One of the visuals that comes to mind when I think about going through a hard time is storm clouds. I don’t know why. But here’s what I’ve learned about the storm clouds.
Sometimes it feels like they’re endless. That it’s been pouring down rain and hail and sleet for a crazy amount of time and it doesn’t show any signs of stopping. It will. But that won’t be it.
A few nights ago I had a sort of revelation. I’d been in a weird funk with all my friends and it was starting to break my mind & body down. But after this revelation, I knew exactly how I wanted to fix it – and suddenly I got an insane zest for life. I just danced around my room and laid in bed smiling until I went to sleep because for some reason I was so filled with energy and love for life. It felt really really good.
Fast forward to today, where my friends and I are out of that funk (and I didn’t end up ruining everything, yay!) and today was a great, positive day. I walk out of my bathroom after a shower, close my bedroom door, and look around. My room is a mess. I have so much homework to do and it’s nine p.m. I had some time today to get stuff done but I was so worn out from everything that I just sat and fell down YouTube rabbit holes. (It’s a dangerous thing, my friends.)
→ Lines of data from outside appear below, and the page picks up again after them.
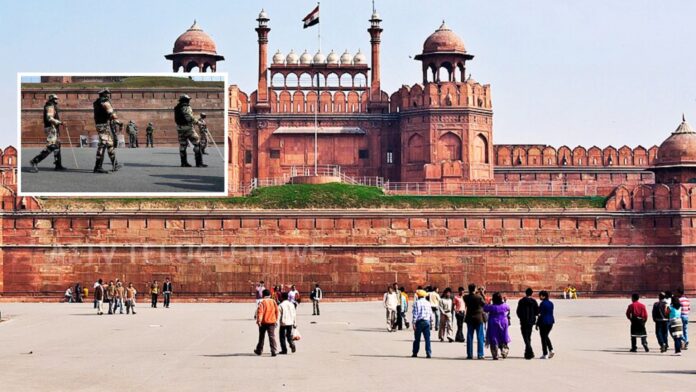 red fort bomb threat prompts security search in delhi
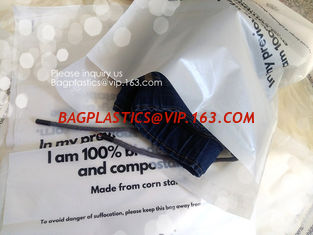 China 100% Compostable, biodegradable corn starch Zipper Slider Bags, Slider zipper bag, Eco carry bag pla bag Recyclable supplier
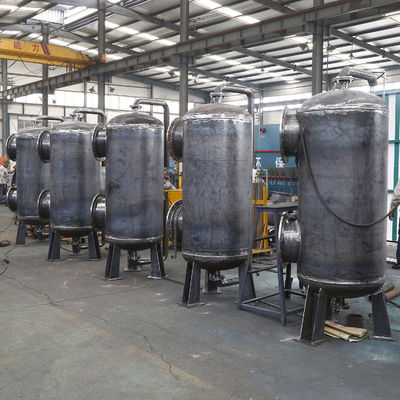 Tanque de filtración de agua de carbono activado PLC para equipos de purificación de agua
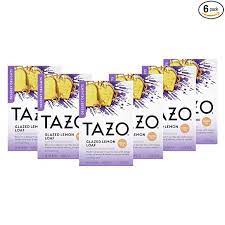 Amazon Com Tazo Dessert Delights Tea Glazed Lemon Loaf Sugar And Calorie Free 15 Count Pack Of 6 Grocery Gourmet Food Lemon Loaf Tazo Flavored Tea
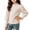 Beige, variant on Toddler Girls Ruffle Bubble Sleeve Top Heart Print Casual Long Sleeve Tee White 1-2 Years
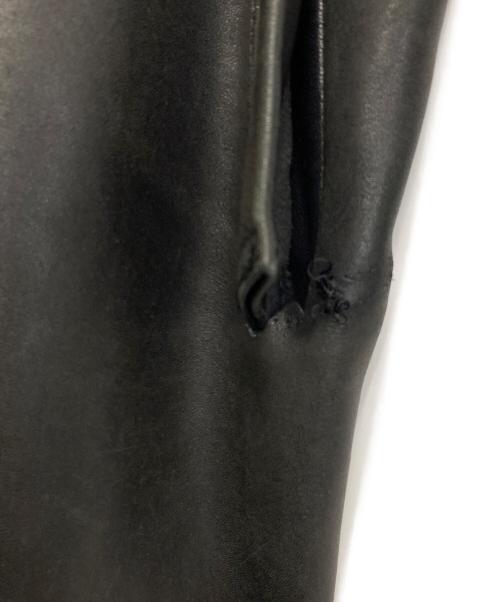 BURBERRY BLACK LABEL（バーバリーブラックレーベル）BURBERRY BLACK LABEL (バーバリーブラックレーベル) ラムレザートレンチコート ブラック サイズ:Mの古着・服飾アイテム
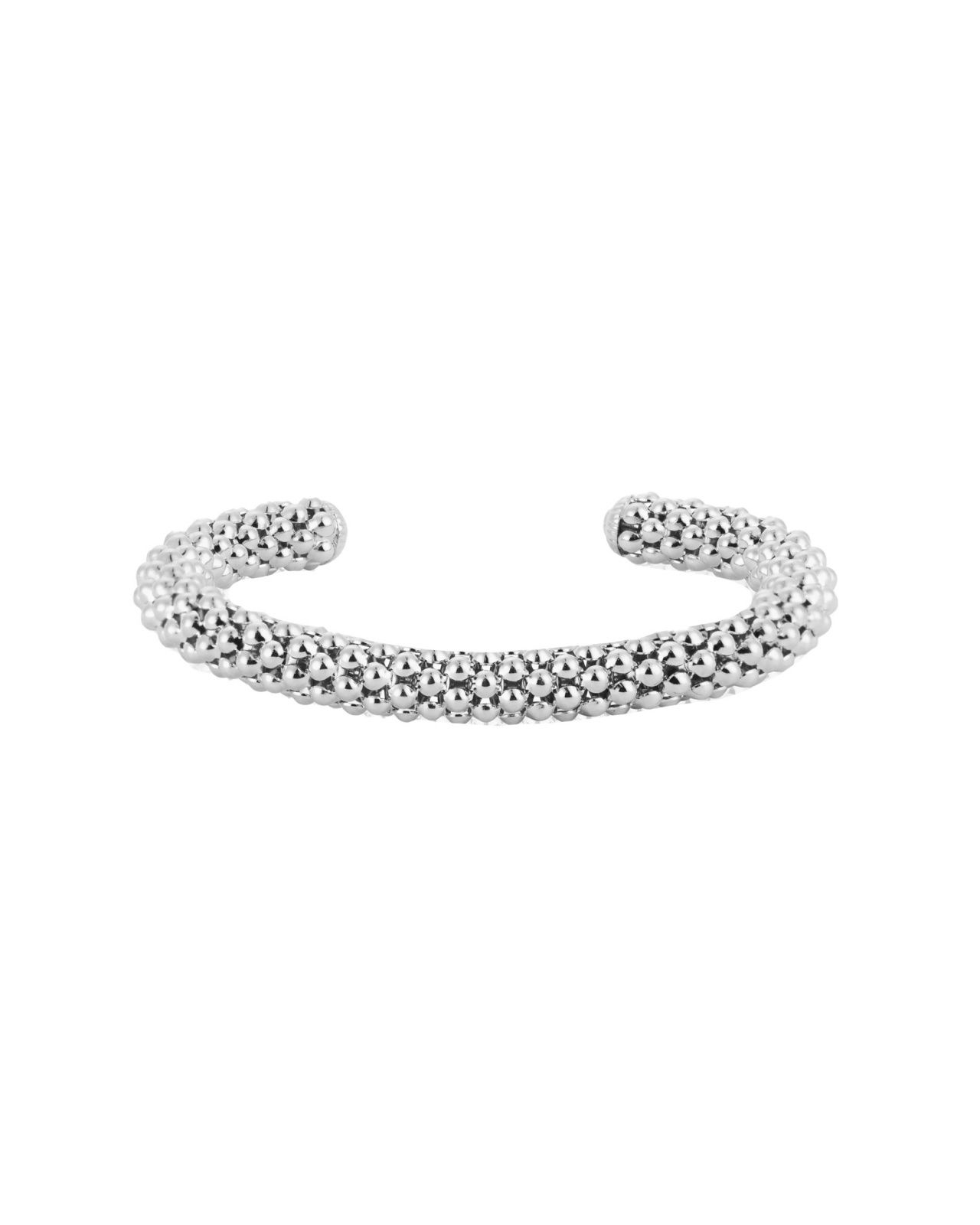 Rope Bangle bracelet rhodium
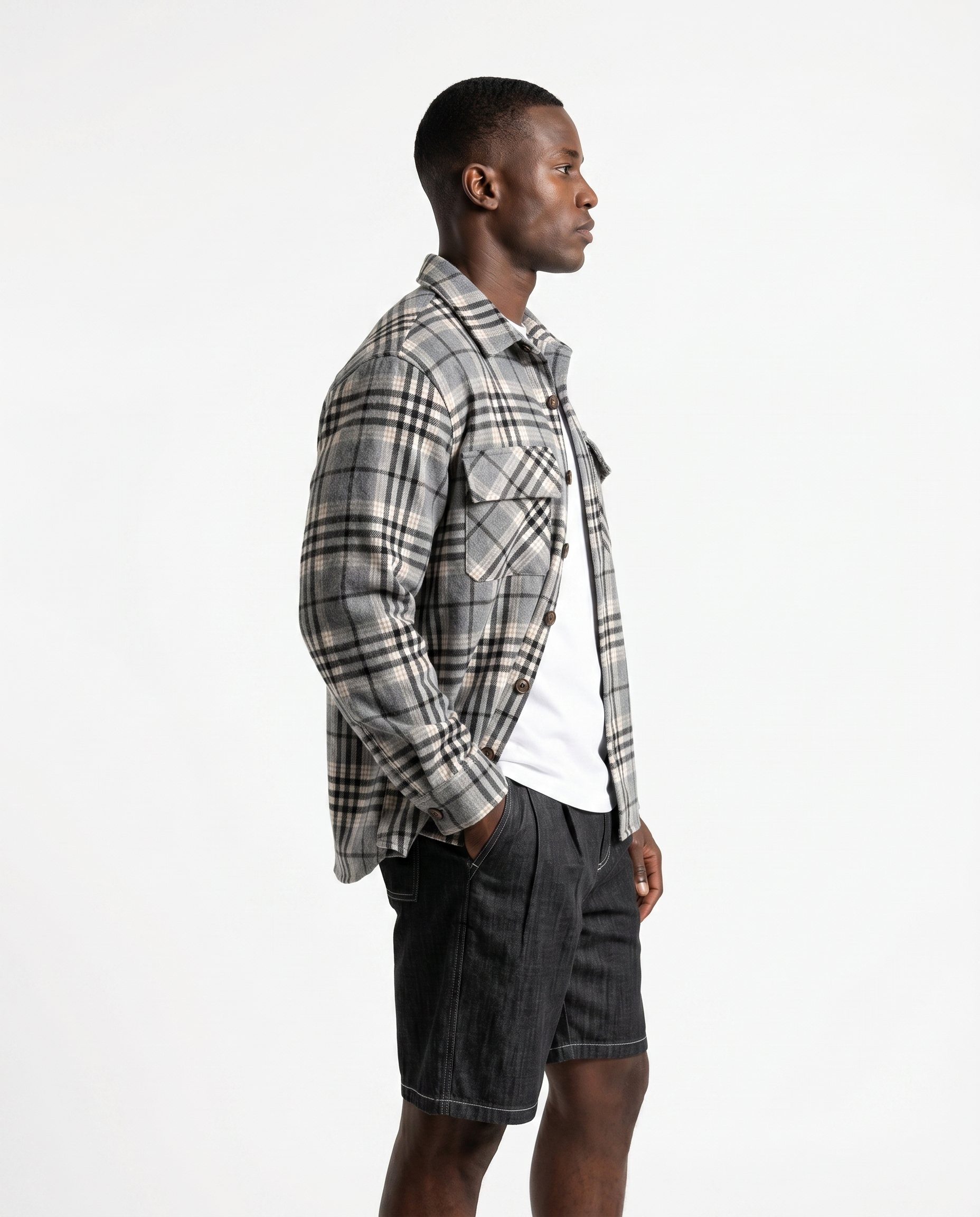 Flannel Check Overshirt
And what I realized was that the storm clouds were back. For the past three weeks, my friends have been my main source of anxiety and worry and stress. But there is so much else when you take that away. I hate school. I’ve become really insecure about the way I look, for some reason. I’m not even going to go there with the way things are at home because I’ll get upset and it’s way too late in the evening for that. The storm clouds are back, and it will probably take a lot of fighting to get them to go away. Am I up for it? Yeah, of course. But remember that there is still sunshine behind those clouds. Don’t take it for granted, and never give up trying to uncover it.